▸ INFORMATION PROVIDED
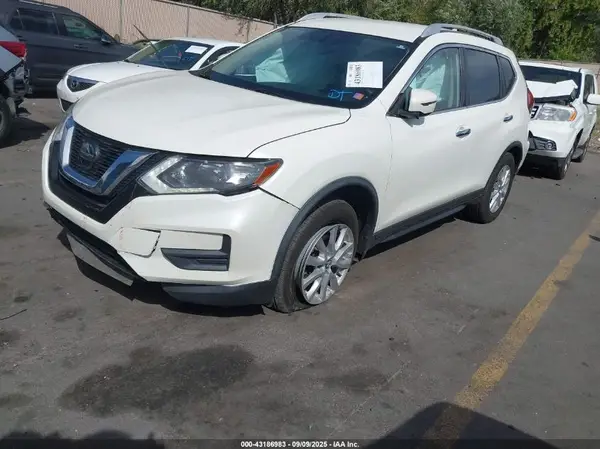JN8AT2MV6JW352337 2018 NISSAN ROGUE - Image 2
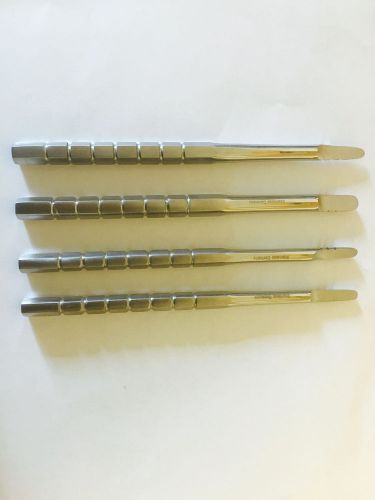 Set of 4 Pieces Bone Spreading D Shape Dental Implant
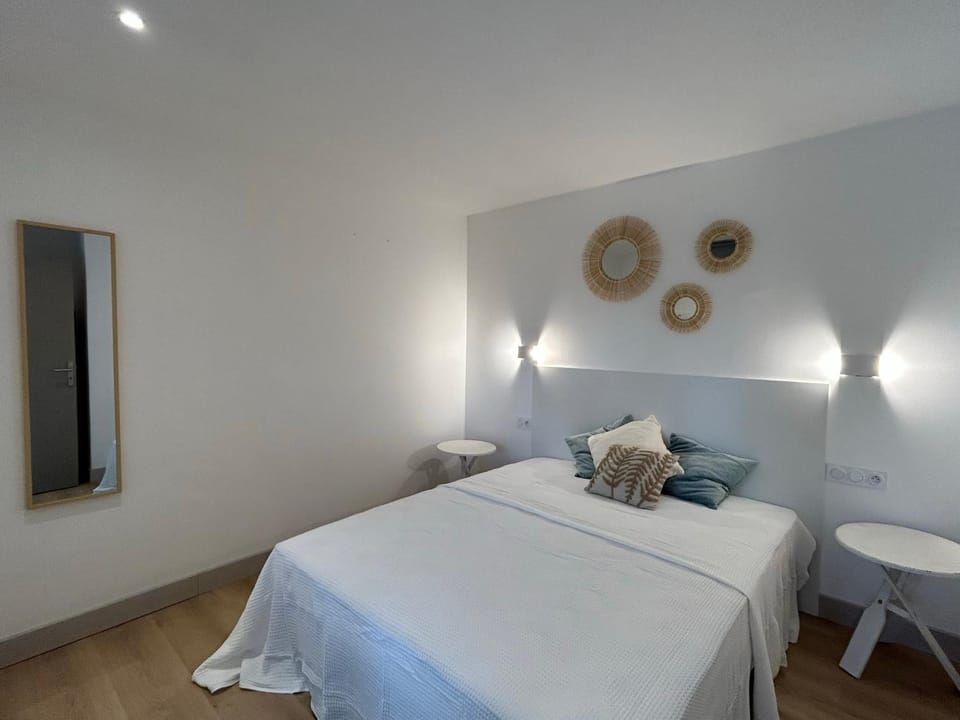 Living room, Bedroom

▸ ACTIVITY
Pictures stay out of the answer; the rest of the listing above is returned exactly.

▸ ANSWER BOX
JN8AT2MV6JW352337 2018 NISSAN ROGUE - Image 2
 Set of 4 Pieces Bone Spreading D Shape Dental Implant
 Living room, Bedroom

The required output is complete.